[Caption-style text data]
Start of Block

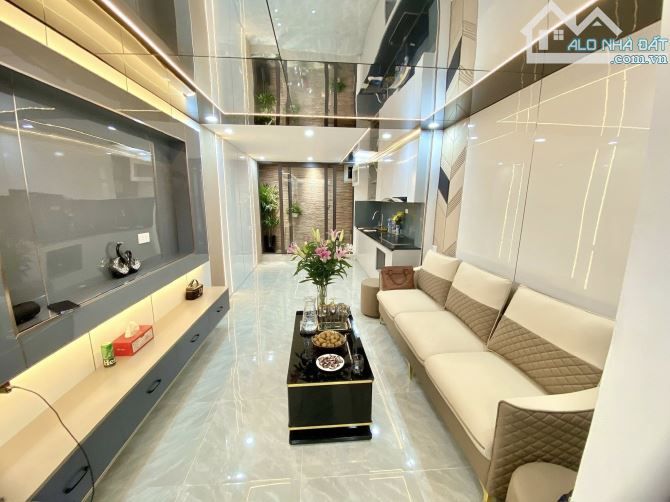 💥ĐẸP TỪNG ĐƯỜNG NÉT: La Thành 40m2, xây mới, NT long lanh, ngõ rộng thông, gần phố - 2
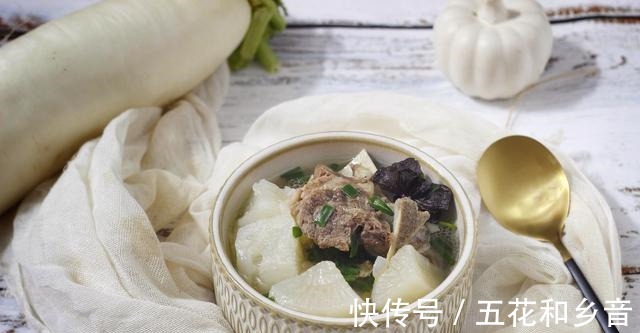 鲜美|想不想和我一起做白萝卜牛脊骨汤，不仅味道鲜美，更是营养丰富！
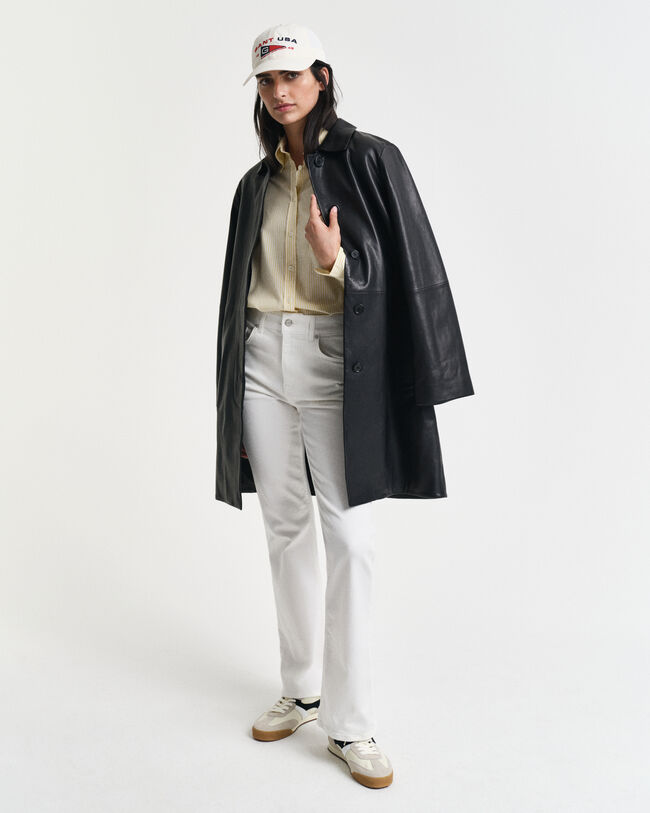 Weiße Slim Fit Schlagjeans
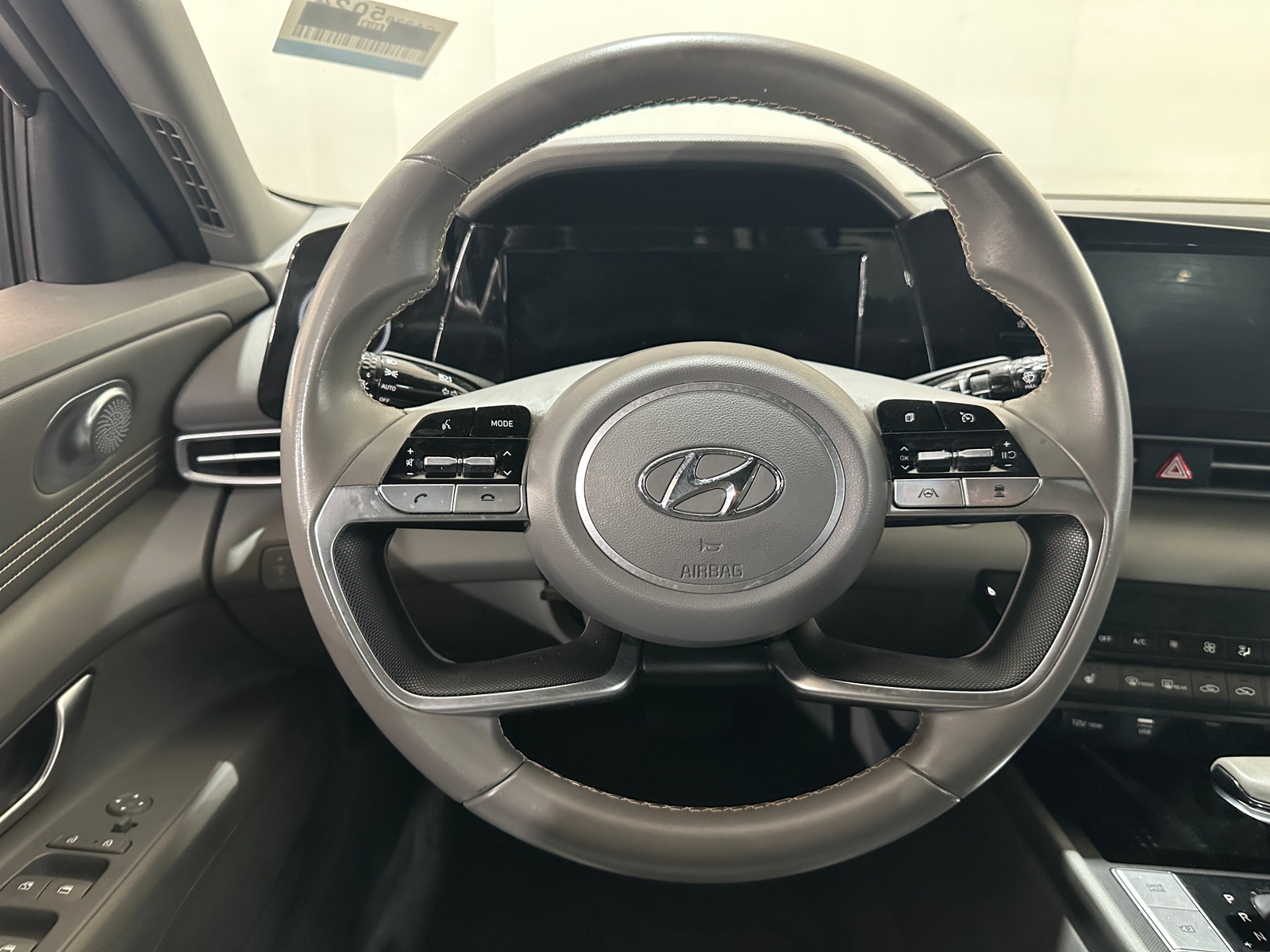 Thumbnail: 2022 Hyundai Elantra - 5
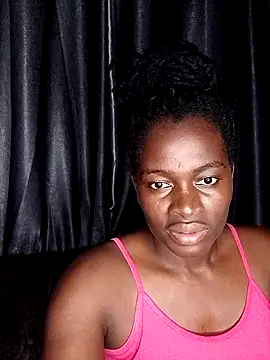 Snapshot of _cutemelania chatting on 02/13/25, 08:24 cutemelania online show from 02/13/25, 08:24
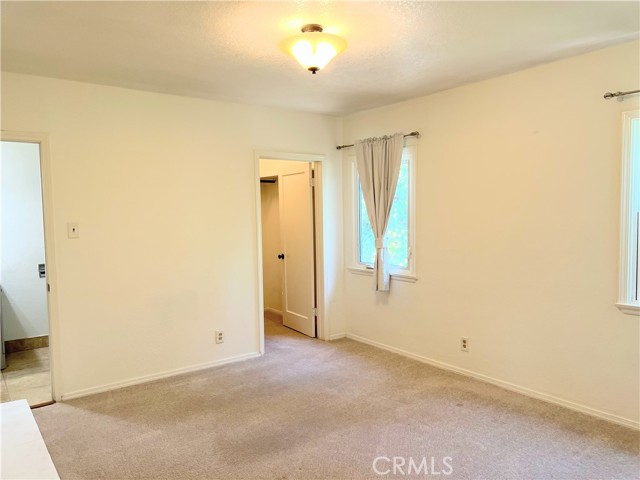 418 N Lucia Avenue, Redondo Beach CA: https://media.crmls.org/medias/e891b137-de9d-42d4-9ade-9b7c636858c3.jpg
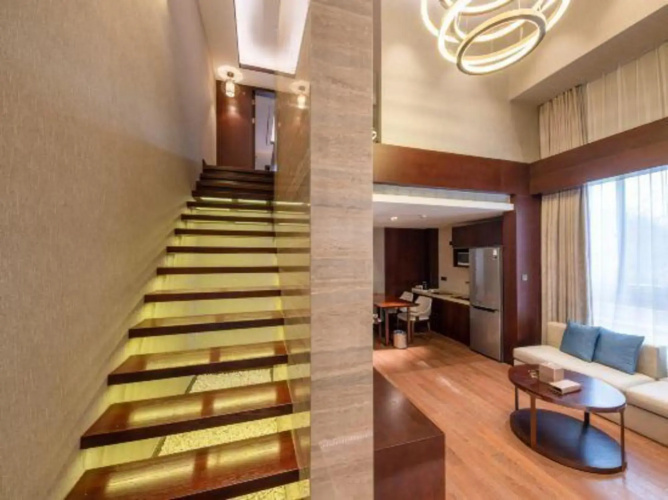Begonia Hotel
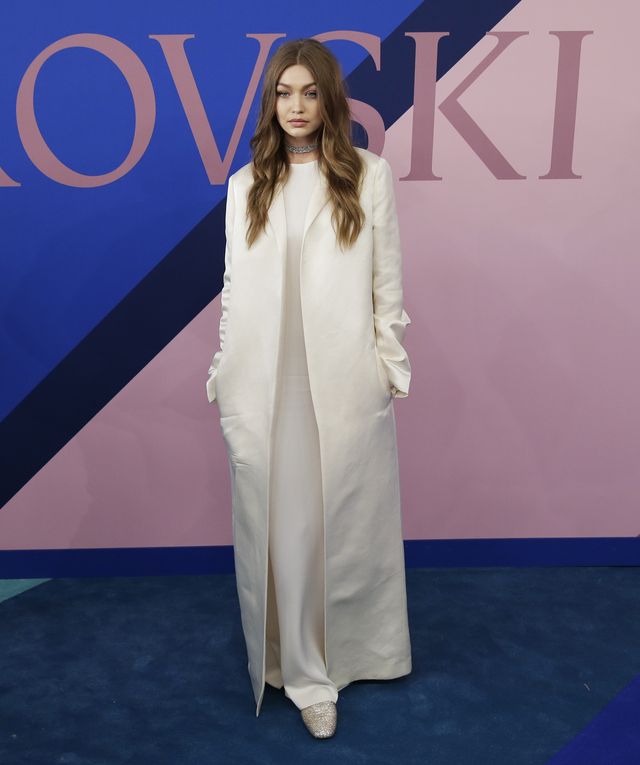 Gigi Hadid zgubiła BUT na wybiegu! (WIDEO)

End of Block

§ EXERCISE DETAILS
Please return the entries above exactly as they appear, but without the pictures.

§ RESPONSE BOX
 💥ĐẸP TỪNG ĐƯỜNG NÉT: La Thành 40m2, xây mới, NT long lanh, ngõ rộng thông, gần phố - 2
 鲜美|想不想和我一起做白萝卜牛脊骨汤，不仅味道鲜美，更是营养丰富！
 Weiße Slim Fit Schlagjeans
 Thumbnail: 2022 Hyundai Elantra - 5
 Snapshot of _cutemelania chatting on 02/13/25, 08:24 cutemelania online show from 02/13/25, 08:24
 418 N Lucia Avenue, Redondo Beach CA: https://media.crmls.org/medias/e891b137-de9d-42d4-9ade-9b7c636858c3.jpg
Begonia Hotel
 Gigi Hadid zgubiła BUT na wybiegu! (WIDEO)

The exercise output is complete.